== Work request ==
Note on the material below: return exactly the lines from the line that holds "2018 Mazda CX-9 Touring" through the line that holds "2003 Chevrolet Corvette C5", and leave out each picture.

== Material supplied ==
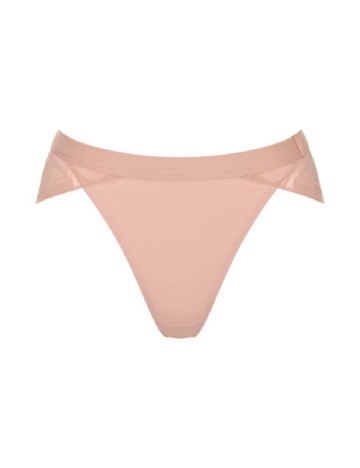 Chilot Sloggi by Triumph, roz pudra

* * *

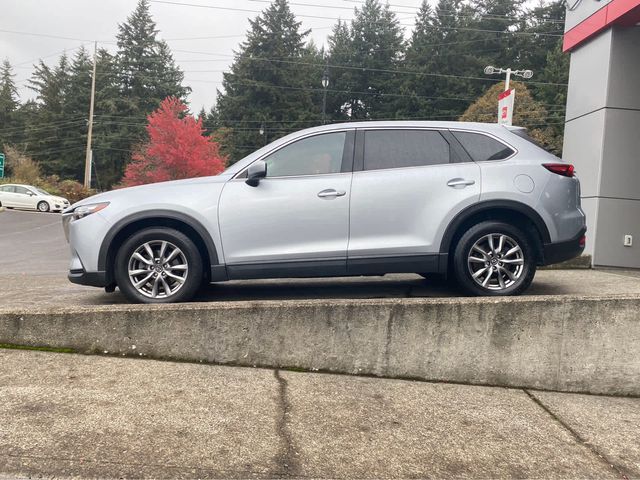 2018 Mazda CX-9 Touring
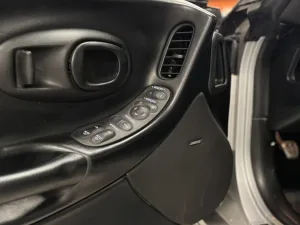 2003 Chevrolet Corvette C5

== Response for this exercise ==
 2018 Mazda CX-9 Touring
 2003 Chevrolet Corvette C5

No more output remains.